I was surprised by the recent article in Time by Jeffery Sachs, "The Case for Bigger Government." My introduction to Sachs was his being featured prominently in the PBS production The Commanding Heights (though only briefly mentioned in Yergin and Stanislaw's book of the same title.) He was portrayed both places as as a proponent of free markets, and was more recently severely attacked for being a free-marketer by Naomi Klein in Shock Doctrine.

Here's what was said about him in The Commanding Heights (book):

From the mid-1980's on, [Sachs] was at the center of economic reform in Latin America and since then in eastern Europe, the former Soviet Union, Asia and Africa. His experience in confronting the results of government control of the commanding heights proved profoundly disillusioning; he lost his confidence in the ability of governments to control their economies in a rational way. "The more that I have sat and discussed the economy with government ministers," he said, "the more I have come to believe in the anonymous, competitive processes of the market.

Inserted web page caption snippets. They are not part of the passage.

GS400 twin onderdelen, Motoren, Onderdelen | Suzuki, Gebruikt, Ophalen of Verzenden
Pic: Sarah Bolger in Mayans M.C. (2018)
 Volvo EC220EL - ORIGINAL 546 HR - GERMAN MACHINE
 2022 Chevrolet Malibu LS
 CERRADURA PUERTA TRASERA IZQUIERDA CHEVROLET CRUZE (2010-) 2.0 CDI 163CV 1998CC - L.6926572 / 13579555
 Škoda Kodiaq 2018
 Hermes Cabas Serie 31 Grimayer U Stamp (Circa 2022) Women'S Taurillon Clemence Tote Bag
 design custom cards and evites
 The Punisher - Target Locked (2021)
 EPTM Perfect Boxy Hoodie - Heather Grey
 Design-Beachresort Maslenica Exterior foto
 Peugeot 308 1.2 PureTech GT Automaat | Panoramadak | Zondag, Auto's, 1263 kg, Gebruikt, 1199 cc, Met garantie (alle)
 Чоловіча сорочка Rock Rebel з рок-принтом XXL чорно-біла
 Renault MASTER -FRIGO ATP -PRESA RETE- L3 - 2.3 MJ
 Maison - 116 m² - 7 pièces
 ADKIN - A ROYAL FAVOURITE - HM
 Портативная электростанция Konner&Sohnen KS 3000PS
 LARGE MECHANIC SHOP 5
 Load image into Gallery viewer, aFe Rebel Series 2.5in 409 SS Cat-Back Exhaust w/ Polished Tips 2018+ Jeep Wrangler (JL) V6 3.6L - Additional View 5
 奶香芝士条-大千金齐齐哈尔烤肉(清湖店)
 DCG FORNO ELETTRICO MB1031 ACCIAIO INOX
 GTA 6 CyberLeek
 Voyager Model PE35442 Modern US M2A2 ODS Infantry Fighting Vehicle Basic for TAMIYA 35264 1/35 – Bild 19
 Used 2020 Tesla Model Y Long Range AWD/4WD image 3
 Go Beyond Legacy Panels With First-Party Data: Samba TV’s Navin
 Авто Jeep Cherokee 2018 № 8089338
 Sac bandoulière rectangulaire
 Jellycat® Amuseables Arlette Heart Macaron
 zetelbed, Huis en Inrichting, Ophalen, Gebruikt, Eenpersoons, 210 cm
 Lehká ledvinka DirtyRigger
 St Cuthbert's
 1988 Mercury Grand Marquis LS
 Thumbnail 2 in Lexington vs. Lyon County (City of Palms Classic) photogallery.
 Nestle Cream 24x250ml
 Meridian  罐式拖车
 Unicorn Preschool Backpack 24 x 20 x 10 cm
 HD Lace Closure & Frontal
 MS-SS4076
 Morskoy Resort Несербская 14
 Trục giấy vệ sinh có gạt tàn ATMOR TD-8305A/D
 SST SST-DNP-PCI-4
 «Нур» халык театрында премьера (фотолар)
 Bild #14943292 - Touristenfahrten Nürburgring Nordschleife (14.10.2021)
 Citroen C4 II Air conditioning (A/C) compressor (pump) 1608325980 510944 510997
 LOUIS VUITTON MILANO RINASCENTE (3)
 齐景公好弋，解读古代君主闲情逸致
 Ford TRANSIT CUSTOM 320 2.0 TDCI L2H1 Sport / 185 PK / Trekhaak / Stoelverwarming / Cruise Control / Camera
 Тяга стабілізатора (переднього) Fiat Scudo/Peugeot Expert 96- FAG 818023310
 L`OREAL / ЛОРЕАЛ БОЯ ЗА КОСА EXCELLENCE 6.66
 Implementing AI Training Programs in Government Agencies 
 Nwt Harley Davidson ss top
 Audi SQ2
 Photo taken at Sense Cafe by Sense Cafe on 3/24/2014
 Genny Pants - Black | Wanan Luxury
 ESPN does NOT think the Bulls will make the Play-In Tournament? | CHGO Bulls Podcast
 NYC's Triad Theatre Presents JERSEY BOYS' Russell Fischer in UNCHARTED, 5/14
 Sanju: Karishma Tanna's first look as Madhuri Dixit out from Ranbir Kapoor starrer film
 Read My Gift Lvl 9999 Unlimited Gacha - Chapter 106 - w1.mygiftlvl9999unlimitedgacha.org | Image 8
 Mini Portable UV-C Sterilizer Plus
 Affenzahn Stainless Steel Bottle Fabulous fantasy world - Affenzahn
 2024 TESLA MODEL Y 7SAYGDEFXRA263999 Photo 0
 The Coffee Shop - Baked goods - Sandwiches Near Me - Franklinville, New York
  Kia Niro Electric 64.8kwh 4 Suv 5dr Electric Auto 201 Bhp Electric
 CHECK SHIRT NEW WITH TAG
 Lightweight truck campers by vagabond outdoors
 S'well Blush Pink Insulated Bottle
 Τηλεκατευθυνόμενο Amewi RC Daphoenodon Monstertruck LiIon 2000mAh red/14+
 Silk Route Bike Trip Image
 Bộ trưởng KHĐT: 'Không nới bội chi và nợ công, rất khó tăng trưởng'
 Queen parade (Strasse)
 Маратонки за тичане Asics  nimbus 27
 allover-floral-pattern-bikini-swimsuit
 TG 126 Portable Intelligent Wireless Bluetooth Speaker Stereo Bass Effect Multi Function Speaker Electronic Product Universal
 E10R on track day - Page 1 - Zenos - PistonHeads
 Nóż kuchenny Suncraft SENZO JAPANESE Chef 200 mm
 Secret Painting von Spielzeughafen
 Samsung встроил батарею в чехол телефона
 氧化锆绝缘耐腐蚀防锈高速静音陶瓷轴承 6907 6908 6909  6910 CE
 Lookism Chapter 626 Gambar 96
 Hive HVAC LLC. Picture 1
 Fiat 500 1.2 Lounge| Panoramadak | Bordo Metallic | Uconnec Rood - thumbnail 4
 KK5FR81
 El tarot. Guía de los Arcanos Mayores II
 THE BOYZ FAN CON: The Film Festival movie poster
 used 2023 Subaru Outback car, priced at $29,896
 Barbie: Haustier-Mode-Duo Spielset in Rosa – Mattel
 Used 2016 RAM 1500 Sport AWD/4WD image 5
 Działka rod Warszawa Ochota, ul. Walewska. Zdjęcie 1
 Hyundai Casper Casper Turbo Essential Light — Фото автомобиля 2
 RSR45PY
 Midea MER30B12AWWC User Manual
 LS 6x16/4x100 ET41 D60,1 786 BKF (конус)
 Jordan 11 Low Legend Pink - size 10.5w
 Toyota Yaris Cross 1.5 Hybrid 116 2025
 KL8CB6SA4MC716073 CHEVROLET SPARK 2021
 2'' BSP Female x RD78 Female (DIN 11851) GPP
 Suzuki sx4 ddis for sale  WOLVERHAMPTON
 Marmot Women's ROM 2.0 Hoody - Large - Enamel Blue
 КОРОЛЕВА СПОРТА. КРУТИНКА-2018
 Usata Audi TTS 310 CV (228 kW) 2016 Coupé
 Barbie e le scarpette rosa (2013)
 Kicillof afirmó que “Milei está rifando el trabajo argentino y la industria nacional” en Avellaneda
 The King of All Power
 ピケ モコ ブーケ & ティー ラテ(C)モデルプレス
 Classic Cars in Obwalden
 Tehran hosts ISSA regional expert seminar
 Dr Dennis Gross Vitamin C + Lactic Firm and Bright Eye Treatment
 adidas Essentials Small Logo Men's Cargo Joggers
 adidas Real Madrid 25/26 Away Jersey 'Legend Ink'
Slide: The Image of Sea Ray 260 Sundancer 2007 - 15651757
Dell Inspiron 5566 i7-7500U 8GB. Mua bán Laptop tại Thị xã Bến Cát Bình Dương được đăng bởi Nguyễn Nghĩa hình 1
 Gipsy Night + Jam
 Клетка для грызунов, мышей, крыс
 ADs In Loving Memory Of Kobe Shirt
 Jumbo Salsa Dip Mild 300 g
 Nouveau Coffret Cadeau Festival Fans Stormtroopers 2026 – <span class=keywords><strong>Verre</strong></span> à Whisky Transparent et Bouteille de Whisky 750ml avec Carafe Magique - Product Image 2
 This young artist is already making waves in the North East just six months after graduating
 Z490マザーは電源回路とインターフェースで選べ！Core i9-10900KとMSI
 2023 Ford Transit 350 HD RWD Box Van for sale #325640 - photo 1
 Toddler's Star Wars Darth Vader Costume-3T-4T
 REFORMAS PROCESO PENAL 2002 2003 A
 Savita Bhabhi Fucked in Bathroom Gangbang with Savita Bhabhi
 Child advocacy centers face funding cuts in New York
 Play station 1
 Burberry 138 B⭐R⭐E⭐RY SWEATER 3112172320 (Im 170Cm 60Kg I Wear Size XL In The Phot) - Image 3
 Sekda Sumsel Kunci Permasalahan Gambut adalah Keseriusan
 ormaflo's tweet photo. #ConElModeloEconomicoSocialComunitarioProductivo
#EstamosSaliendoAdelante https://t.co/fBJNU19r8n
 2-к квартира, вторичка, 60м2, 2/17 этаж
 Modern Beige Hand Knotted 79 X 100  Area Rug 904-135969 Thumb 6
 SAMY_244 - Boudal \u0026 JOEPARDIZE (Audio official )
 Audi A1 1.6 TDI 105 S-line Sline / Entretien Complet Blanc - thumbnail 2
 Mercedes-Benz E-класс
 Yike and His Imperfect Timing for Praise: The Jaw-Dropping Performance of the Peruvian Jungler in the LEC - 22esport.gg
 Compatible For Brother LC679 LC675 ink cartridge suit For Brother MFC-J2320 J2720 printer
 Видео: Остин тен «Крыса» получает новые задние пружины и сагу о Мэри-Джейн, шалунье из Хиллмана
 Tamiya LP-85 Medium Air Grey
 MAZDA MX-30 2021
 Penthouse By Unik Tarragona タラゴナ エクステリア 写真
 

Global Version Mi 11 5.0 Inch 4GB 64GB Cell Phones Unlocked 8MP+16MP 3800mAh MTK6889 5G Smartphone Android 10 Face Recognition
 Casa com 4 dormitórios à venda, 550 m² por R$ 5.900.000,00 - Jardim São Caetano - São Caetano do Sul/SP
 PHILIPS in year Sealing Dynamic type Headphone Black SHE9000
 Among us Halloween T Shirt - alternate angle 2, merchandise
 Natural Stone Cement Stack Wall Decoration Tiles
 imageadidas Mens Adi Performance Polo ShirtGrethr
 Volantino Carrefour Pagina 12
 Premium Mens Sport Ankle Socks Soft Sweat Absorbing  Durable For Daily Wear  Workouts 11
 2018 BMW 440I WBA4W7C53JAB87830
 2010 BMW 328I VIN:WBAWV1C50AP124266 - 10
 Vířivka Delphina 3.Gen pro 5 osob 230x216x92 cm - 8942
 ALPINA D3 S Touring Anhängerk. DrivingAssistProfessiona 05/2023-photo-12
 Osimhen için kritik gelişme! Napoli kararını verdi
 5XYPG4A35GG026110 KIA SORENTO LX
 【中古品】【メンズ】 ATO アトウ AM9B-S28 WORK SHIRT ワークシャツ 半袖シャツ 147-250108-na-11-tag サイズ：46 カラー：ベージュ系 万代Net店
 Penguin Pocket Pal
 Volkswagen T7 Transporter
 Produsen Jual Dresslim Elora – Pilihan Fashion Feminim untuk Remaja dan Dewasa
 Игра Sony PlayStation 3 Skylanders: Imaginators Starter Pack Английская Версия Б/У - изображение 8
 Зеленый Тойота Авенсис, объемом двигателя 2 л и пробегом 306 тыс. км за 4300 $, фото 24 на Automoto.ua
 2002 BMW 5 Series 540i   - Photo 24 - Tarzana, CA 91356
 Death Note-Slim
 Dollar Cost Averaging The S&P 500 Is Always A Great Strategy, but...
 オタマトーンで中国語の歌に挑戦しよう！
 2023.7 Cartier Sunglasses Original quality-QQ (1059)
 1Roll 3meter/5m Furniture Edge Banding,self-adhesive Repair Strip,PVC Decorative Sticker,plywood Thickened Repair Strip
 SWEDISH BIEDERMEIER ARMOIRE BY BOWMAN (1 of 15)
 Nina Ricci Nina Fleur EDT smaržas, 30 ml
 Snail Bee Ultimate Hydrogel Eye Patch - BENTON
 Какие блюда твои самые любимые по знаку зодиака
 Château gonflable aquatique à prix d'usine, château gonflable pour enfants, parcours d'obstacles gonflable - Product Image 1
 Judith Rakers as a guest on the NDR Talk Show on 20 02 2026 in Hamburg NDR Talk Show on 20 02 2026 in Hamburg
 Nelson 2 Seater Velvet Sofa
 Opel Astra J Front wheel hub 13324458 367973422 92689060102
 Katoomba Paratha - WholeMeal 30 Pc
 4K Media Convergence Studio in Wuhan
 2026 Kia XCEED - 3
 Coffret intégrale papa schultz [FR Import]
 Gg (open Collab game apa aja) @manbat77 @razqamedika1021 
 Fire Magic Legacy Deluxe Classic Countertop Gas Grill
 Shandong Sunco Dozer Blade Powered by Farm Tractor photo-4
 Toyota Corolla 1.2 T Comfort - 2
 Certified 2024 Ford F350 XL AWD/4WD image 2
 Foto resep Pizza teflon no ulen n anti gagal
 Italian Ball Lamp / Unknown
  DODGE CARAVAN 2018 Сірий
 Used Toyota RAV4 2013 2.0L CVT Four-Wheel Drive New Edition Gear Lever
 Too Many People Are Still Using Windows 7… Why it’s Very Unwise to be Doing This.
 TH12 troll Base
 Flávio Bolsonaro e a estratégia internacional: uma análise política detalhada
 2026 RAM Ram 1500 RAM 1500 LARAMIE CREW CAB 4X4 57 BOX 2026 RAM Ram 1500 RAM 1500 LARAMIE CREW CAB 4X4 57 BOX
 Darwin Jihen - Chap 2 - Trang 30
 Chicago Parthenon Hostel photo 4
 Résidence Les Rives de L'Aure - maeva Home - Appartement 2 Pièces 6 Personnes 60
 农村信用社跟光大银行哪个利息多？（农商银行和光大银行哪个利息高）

And now I am attacked all over the world as a Friedmanite. Considering where I came from, that's amazing for me.

Where he came from was Harvard, steeped in Keynesian economics. (Part of the paradox of Keynesians is that they view themselves as the saviors of capitalism.) Looking into it further, I found that Sachs had subsequently abandoned his confidence in free markets as evidenced by his more recent work in developmental economics and "sustainability". He serves as yet another example of the effects of economic pragmatism so painfully illustrated by Bush and others who claim to support the free market, "except when it doesn't work."

During a boom, it's easy for even Keynesians to support the "free market," but upon the arrival of the inevitable bust, they'll cry out for relief via government interventionism. Naomi Klein accuses Milton Friedman and other supporters of capitalism of celebrating disasters as the means to thrust their agenda on the desperate and ignorant masses. As evidenced from all the Keynesians and leftists finding a renewed public platform for their statist agenda, if Klein wants to be consistent, she needs to include them in her accusations.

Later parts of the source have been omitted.